Sneak Preview: Degraded Effect Sizes and Tricky Conditional VariancesPosted: April 2, 2012 | |
My post on data exploration more than half completed my seven-part overview of meta-analysis. As a diversion while I write Part 5, let’s consider two of several methodological issues I plan to discuss in this blog: degraded effect sizes (ESs) and tricky conditional variances (CVs). My main aim here is to pique your interest in future posts by offering a glimpse at ways to manage selected challenges that routine meta-analytic techniques don’t address. These “teaser” descriptions will be quite superficial. I plan to elaborate on each of these challenges—as well as many others—after laying a foundation in my seven-part overview.

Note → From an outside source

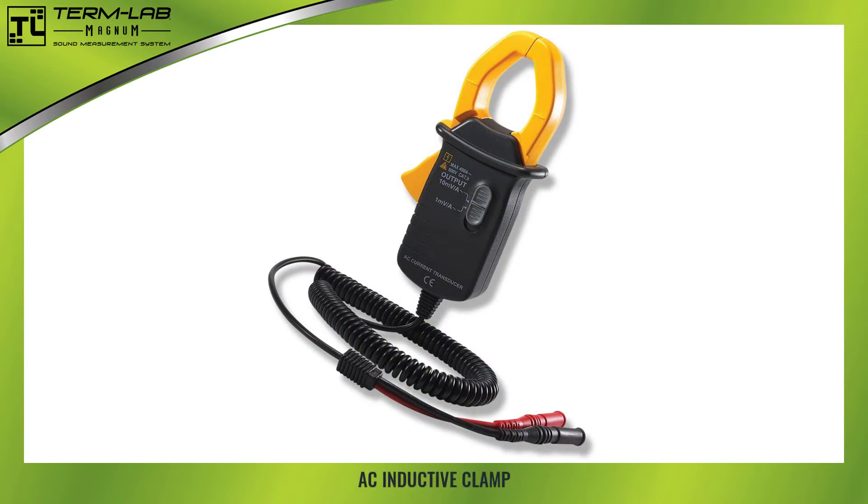The AC inductive clamp has yellow jaws and a coil cord that includes red and black banana plugs. Each TermLab PowerProbe includes an inductive clamp. Please take a moment to identify the AC inductive clamp.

In Part 1 of the overview of meta-analysis I introduced notation for ES statistics (i.e., estimators, estimates) and parameters and described several issues that arise when obtaining ES estimates from primary studies. In this section I’ll focus on “degraded” ESs, by which I roughly mean ES estimates reported only as a range (or ranges) of values in which the estimate falls. Let’s call these values the ES estimate’s matching set.
As a simple example of a degraded ES, a study might report only the ES estimate’s direction relative to a reference value (e.g., no effect, null hypothesis), in which case the matching set is all values sharing that direction (e.g., Pearson correlations between -1 and 0, mean differences between 0 and +inf, proportions between ½ and 1, odds ratios between 0 and 1). More subtle examples involve rounding, such as a Pearson correlation reported as “r = .3″ when it’s between .25 and .35. Many ESs are degraded by partial reporting of results from significance tests; we can often derive an ES estimate’s matching set from reported info about an observed test statistic or p value (e.g., “significantly positive,” “p < .01,” “p > .05,” “.01 < p < .05,” “p = .4″), given sufficient other info about the data or test (e.g., sample size[s], α level, 1- vs. 2-sided alternative).

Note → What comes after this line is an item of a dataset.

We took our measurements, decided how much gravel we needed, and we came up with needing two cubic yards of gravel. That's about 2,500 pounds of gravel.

I think we have little good evidence about how prevalent degraded ESs are or how meta-analysts handle them. I suspect it’s common to simply omit degraded ESs or “impute” an ES value but ignore the degradation (e.g., set a non-significant ES estimate to 0 and use its usual CV). These and other ad hoc methods can badly distort meta-analytic results, such as estimates or tests of the mean or variance of ES parameters, especially if ESs are degraded not at random (e.g., smaller ESs degraded more often). I suspect that meta-analysts rarely use more principled methods, such as modern vote-counting techniques, perhaps because they’re not implemented widely in software and are limited in important ways (e.g., require between-studies homogeneity, recognize only simple types of degradation).

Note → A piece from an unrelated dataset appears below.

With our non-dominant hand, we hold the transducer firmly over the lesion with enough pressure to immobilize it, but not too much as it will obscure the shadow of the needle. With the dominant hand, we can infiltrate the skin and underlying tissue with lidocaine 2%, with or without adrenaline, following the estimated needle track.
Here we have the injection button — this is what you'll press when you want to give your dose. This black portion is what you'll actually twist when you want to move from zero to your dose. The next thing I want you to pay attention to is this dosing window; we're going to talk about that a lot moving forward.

I’ve developed two related approaches for meta-analyzing degraded ESs. Both of these use a matching set for each degraded ES, work when some ESs are degraded and others aren’t, and support various meta-analytic models. The first approach, Bayesian ES imputation (BESI), entails obtaining an imputed ES and adjusted CV for each degraded ES; we then meta-analyze these quantities just like non-degraded ESs and their CVs. The imputed ES and adjusted CV are based on a posterior distribution for the ES parameter: Given a prior distribution for the ES parameter, we find the ES and CV that yield the same posterior mean and variance as our degraded ES and its original CV. The second approach involves maximum-likelihood (ML) estimation and inference: The likelihood for each degraded ES is a probability based on the matching set, and that for each non-degraded ES is the usual density function.
The BESI and ML approaches both rely on a matching set for degraded ESs but differ in important ways. For instance, BESI requires specifying a prior but doesn’t require specifying a particular meta-analytic model to impute ESs and adjust their CVs; ML requires specifying a meta-analytic model but doesn’t require a prior.
In Part 2 of the meta-analysis overview I discussed ES sampling error, with particular attention to quantifying an ES’s sampling error or imprecision as its CV. I’ll focus here on challenges of obtaining CVs in certain situations where a formula for the CV isn’t readily available. In particular, I’ll describe a fairly general-purpose method for obtaining reasonable CVs in many of these situations.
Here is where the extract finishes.